The United States Agency for International Development (USAID) in Nigeria has dispatched a COVID-19 Food Security Challenge that will give $3 million in grants subsidizing and specialized help to youth-drove and mid-stage organizations working in food chains in Nigeria.
The Food Security Challenge is disbursed to help financially suitable youth-drove and medium scale organizations previously working in food creation, processing, and dispersion to support their efficiency and guarantee food security for the country.
Nigeria is encountering food frailty compounded by the COVID-19 pandemic and its impacts on the food chain in the country. The pandemic disturbed the country’s now delicate agrarian worth chains and smallholder farmers’ capacity to create, measure, and disperse food successfully.

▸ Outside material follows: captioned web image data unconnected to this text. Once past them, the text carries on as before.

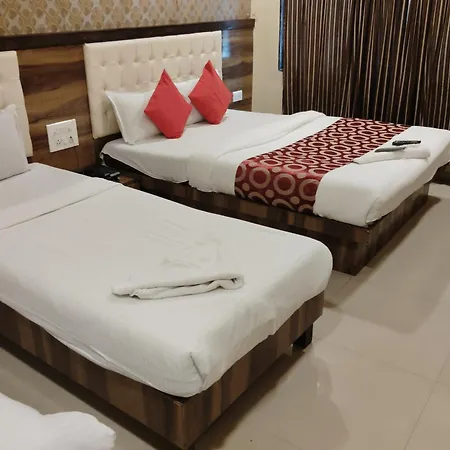 Hotel Golden Park Near Nesco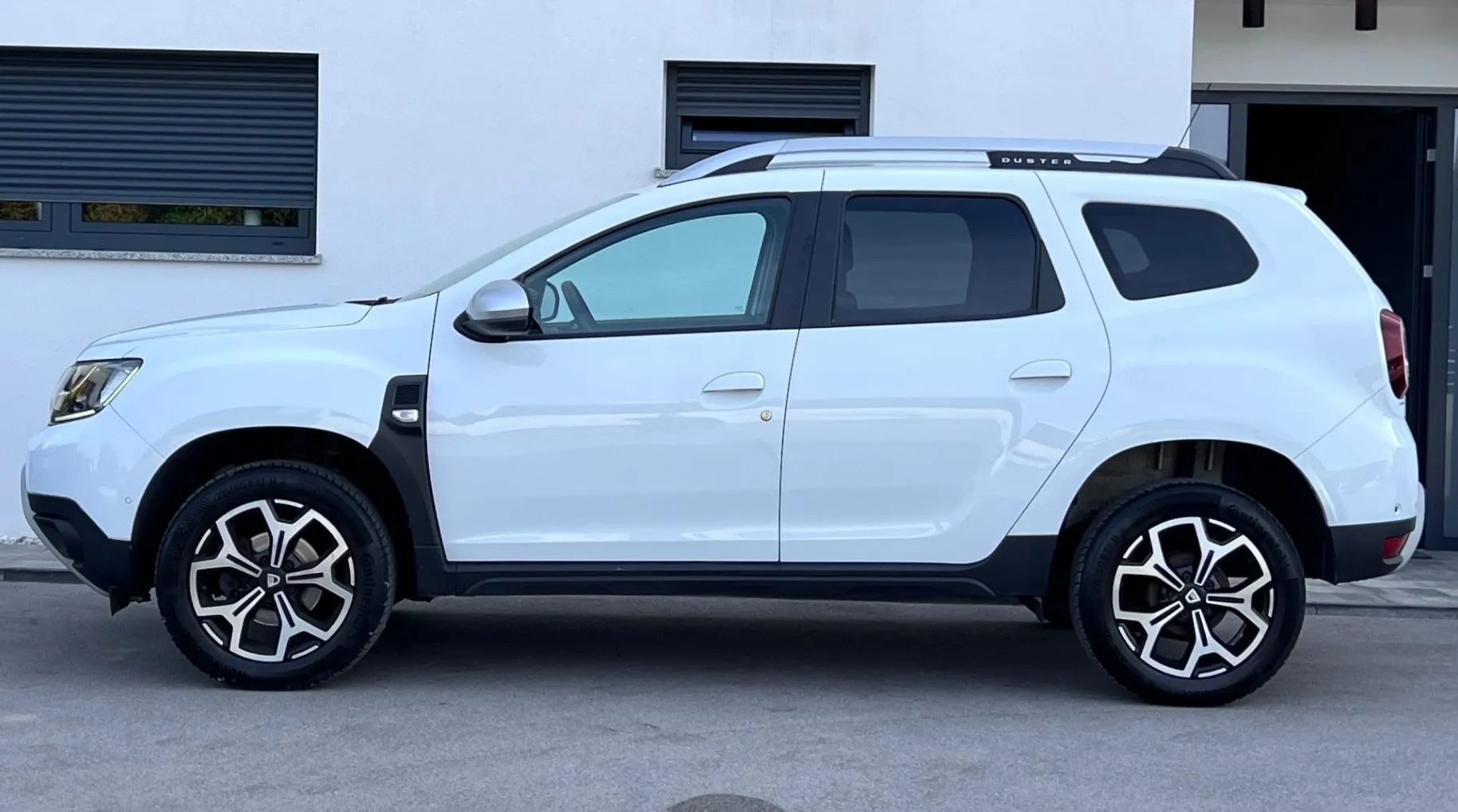 Notranja slika - Dacia Duster - 1.0 Tce 1.LASTNIK+SLO+NAVI+TEMP+KAMERA - 8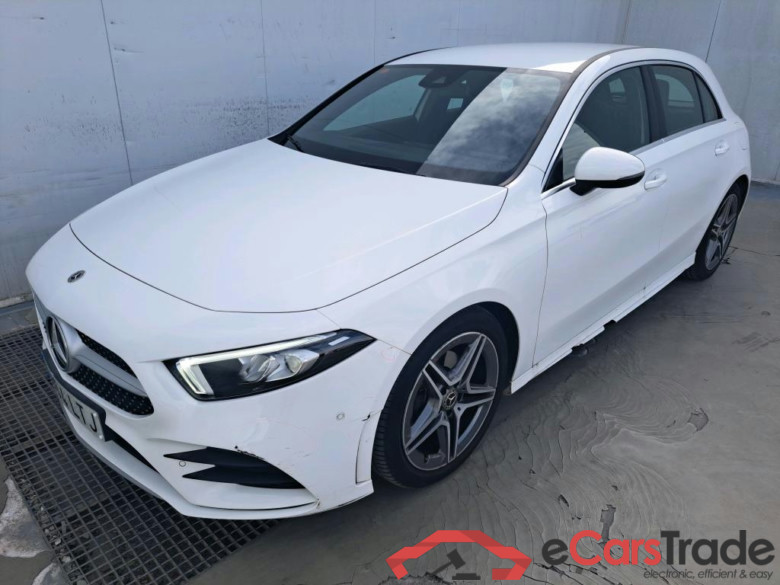 MERCEDES-BENZ Clase A / 2018 / 5P / berlina con portón A 180 #1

“We are dispatching the COVID-19 Food Security Challenge to assist creative Nigerians with easing food uncertainty,” Anne Patterson mission chief, USAID said in a proclamation.
“This assistance encourages private sector-led solutions to boost food production, processing, and create market linkage along the agriculture value chain in a sustainable way across Nigeria,” Patterson said.
In dispatching the test, USAID has opened applications for economically feasible youth-drove and mid-stage organizations previously working in food creation, preparing, and circulation.
Effective candidates will introduce thoughts that evidently help ranchers and different partners in the rural worth chain increment horticultural profitability and food security inside the following half-year.
The test will grant 15 to 25 youth-drove organizations up to $75,000 each and grant 10 to15 medium scale organizations up to $150,000 each.
The beneficiary will get financing and specialized help to quickly grow their exercises to relieve the impact of COVID-19 on Nigeria’s food chain and improve the strength of weak families to the adverse consequences of the pandemic.